Location
- 4290 Tabernacle Road Lancaster, South Carolina 29720 United States 34°45′30″N 80°37′26″W﻿ / ﻿34.7583440°N 80.6238842°W

Information
- Type: Public high school
- Motto: Go Jackets!
- Established: September 7, 1925; 100 years ago
- School district: Lancaster County School District
- NCES District ID: 450258001261
- Principal: Michael Belk
- Grades: 9-12
- Enrollment: 554 (2023-2024)
- Student to teacher ratio: 12.65
- Campus type: Rural
- Colors: Maroon and Old Gold
- Nickname: Yellow Jackets
- Website: bhs.lancastercsd.com/o/bhs

= Buford High School (South Carolina) =

Buford High School is a four-year comprehensive public high school in Lancaster, South Carolina. It is one of four high schools in the Lancaster County School District.

==History==
Buford High School opened on September 7, 1925. The school is named after Colonel Abraham Buford of the Continental Army, and is currently located approximately one mile north of Buford's Massacre Site, where the Buford's Massacre took place in 1780 during the American Revolutionary War.

The high school was moved to a newly built facility in 1993 as part of a $30 million district-wide renovation program.

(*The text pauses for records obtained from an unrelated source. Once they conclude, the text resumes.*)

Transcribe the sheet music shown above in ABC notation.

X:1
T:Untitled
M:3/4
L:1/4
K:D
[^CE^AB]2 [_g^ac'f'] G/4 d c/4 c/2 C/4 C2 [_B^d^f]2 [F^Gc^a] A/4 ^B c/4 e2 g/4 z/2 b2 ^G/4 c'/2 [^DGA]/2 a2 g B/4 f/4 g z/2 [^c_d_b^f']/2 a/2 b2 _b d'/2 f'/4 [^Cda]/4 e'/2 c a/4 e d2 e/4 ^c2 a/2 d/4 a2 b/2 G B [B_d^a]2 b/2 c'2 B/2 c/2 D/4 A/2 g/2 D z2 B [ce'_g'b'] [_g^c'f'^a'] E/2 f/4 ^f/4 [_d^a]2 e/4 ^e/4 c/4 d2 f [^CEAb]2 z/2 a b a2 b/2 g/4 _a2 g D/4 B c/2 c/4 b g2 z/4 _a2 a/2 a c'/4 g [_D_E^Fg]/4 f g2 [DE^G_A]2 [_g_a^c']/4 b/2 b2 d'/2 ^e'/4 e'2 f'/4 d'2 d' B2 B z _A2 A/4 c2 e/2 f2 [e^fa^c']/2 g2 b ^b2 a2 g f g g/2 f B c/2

The school was one of fifteen high schools chosen nationally to take part in a nationwide study in 1952 by the USDA on the nutritional needs of students in response to changes to the Recommended Dietary Allowances (RDA) by the USDA. Under the National School Lunch Act of 1946 all students were given identical food portions regardless of factors such as age or gender, while this study was conducted to see if different portion sizes were necessary for different groups of students.

The South Carolina Department of Health and Environmental Control conducted a training scenario at Buford High School in 2004 to test the county's ability to respond to bioterrorism or pandemic threats by utilizing the Strategic National Stockpile (SNS).

==Enrollment==
As of the 2020–21 school year, the school had an enrollment of 546 students and 38 classroom teachers, for a student–teacher ratio of 13.45. 160 of the students were eligible for free school meals, while 19 were eligible for reduced-price meals. The graduation rate for the 2020–21 school year was 87.6%, with 33.9% of students enrolled in dual enrollment courses.

==Extracurricular activities==
The school has several clubs and organizations including JROTC and the National Honor Society.